How We Benchmark Dolt

REFERENCE

6 min read

Dolt is a MySQL-compatible version-controlled database. It’s the only SQL database with branches that you can diff, merge and sync. Performance has been a major focus of Dolt development over the past year, and we’ve made substantial progress on that front. When we first measured Dolt head-to-head with MySQL, our average query was 12 times greater than MySQL’s. Our most recent metric on this benchmark (Dolt release v0.40.20) is down to 4.7x! Our long-term goal for performance is to reach parity with MySQL in any dimension we can measure. Since the 0.40.20 release, we’ve made some updates to our benchmarks to better reflect real-world Dolt performance in our public metrics. Today’s post is about the tricky business of benchmarking databases.

Sysbench Standard#

Dolt originated as a data-sharing tool, “Git for Data”. In the beginning, SQL was simply a convenient, standard API to access data through. As we grew and better understood our users, it became clear that what they really wanted was a version-controlled database. With this shift in focus came a shift in priorities: Dolt needed to be fast and dependable. We quickly decided on Sysbench as our default benchmarking utility.
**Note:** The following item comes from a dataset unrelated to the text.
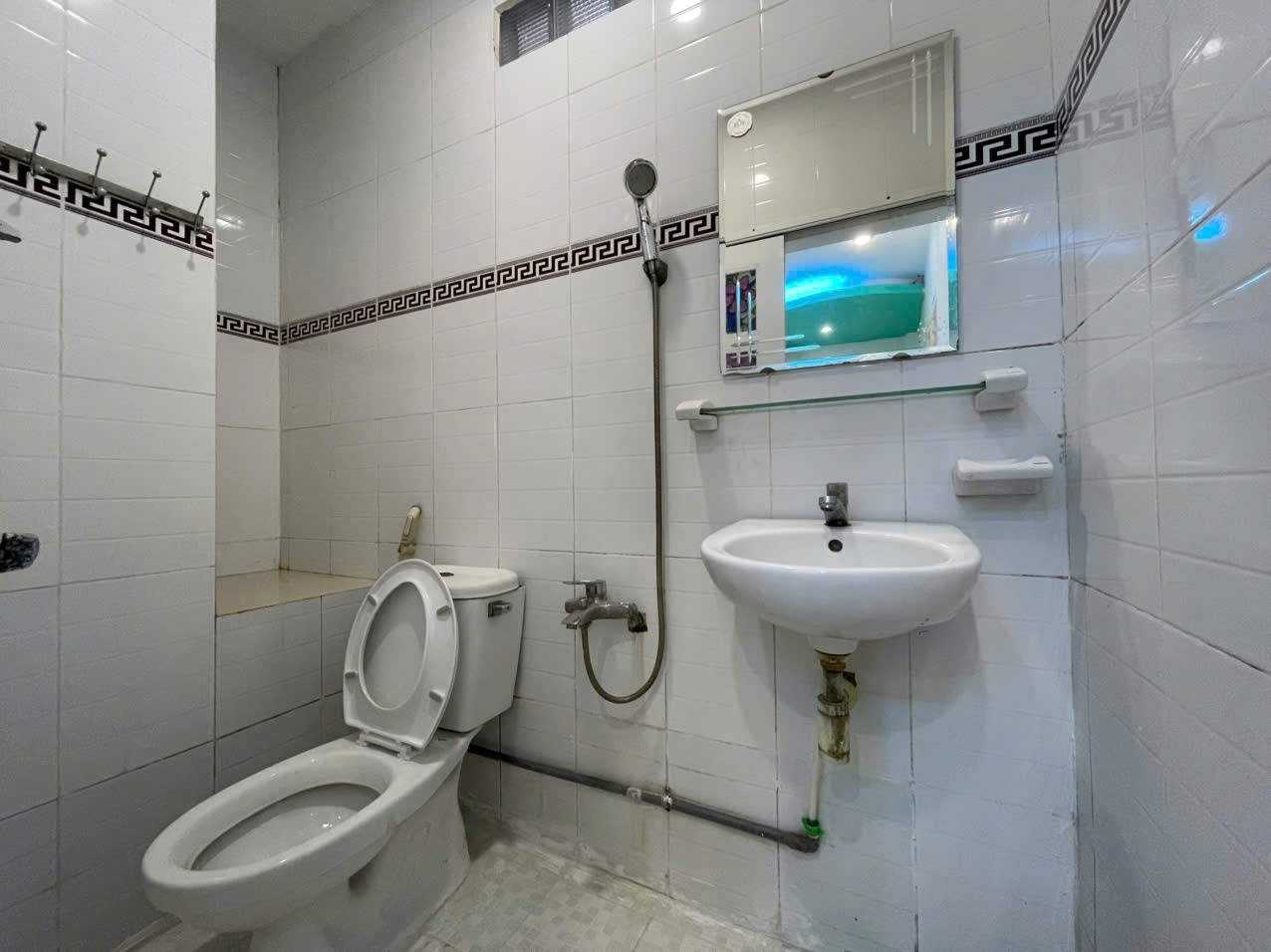 Phòng trọ Studio 25m2 tại MTV House Dương Quảng Hàm - Gò Vấp - Phòng tắm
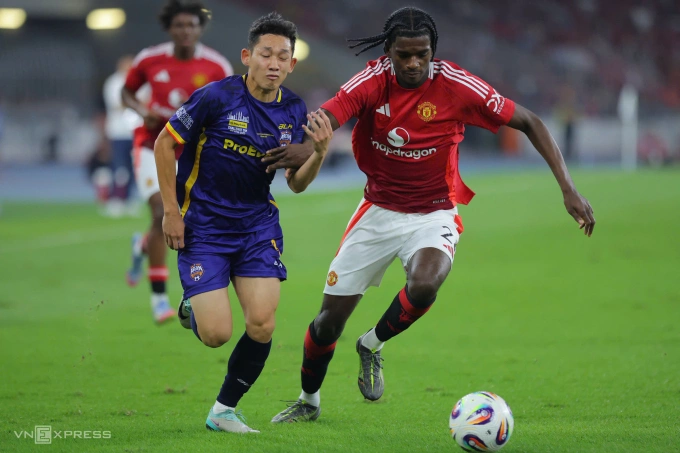 Phản ứng của CĐV M.U quốc tế về màn trình diễn của Hai Long 1 man utd asean all stars malays 7753 6947 1748437663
Sysbench was created by members of the MySQL development team as a way to test basic transactional database queries. The standard set of Sysbench benchmarks includes operations such as points selects, point mutations, and simple transactional workflows. Here’s our progress on Sysbench’s oltp_point_select benchmark:

point select latency trend

Our Sysbench metrics don’t capture every facet of database performance: the benchmarks are single threaded and the test database is small enough to fit in memory. In this way, Sysbench is closer to a microbenchmark when compared to other standard database benchmarks, but this simplicity is ideal for Dolt as we optimize its core access patterns.

Measuring all the Things#

Initially our Sysbench benchmarks only included the standard suite published with the tool. Notably absent from that set was any benchmark that performed a “scan” operation: queries that iterate over large ranges of an index. This makes sense in an OLTP context where SQL query engines go to great lengths to minimize the amount of data that a query must access. However, our early investigations into performance revealed especially slow performance for Dolt table scans. We made the decision in early 2021 to expand our benchmark set to include three new scan-based benchmarks:

table_scan iterates over every row in the primary key index of a table.
index_scan iterates over a secondary index and does an indirect lookup into the primary index.
covering_index_scan iterates over a secondary index and returns rows directly (does not perform an indirect lookup).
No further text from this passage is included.